= Exercise aim =
Please give back only the lines below from the one containing "FRIBURG - IMP. DE LA FORET 24 - DEPOT (1)" to the one containing "0905230946_2.JPG", each repeated word for word, both ends included.

= Exercise data =
————

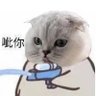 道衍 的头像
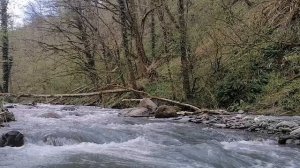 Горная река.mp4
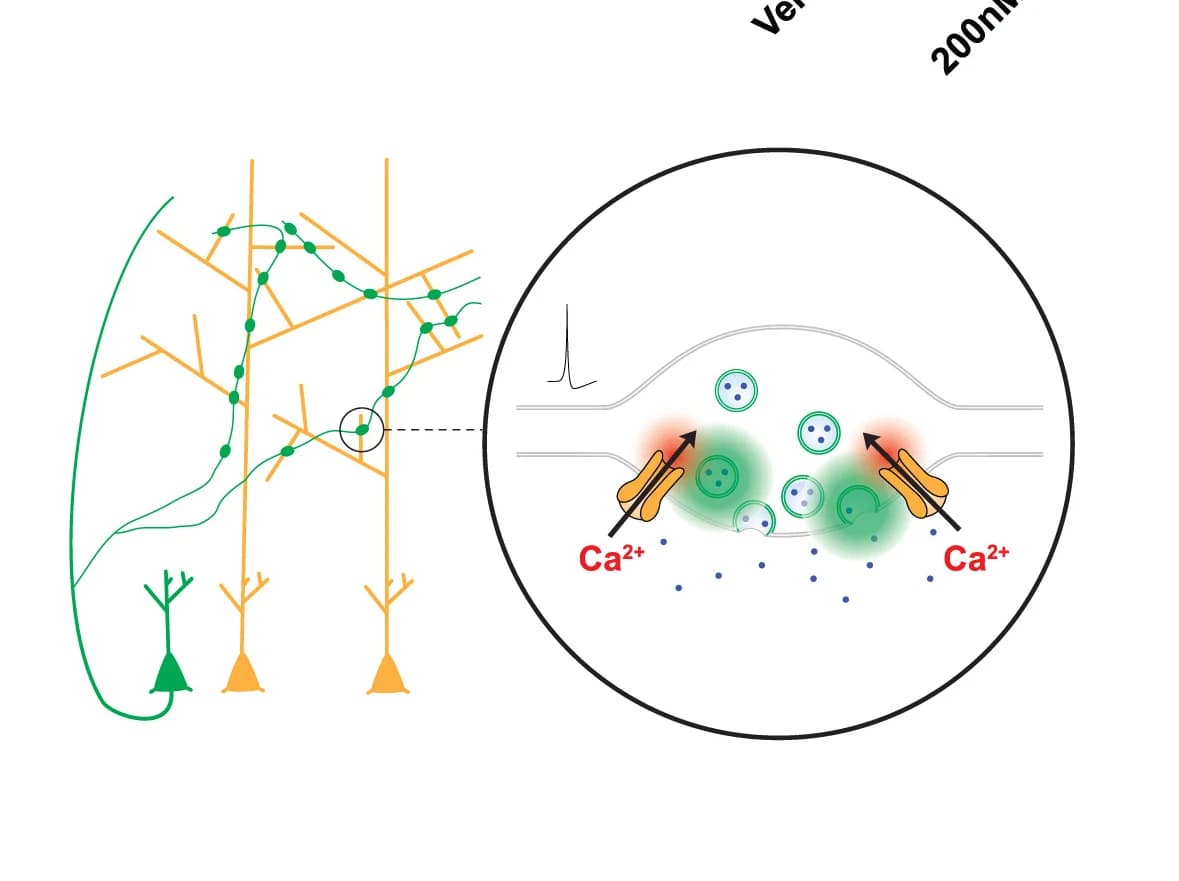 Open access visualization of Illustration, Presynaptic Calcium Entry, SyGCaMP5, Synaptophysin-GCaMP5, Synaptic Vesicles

————

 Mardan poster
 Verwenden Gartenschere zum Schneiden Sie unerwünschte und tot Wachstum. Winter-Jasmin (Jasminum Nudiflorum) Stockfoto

————

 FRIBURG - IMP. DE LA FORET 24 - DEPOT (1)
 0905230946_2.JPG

————

= Answer for the task =
 FRIBURG - IMP. DE LA FORET 24 - DEPOT (1)
 0905230946_2.JPG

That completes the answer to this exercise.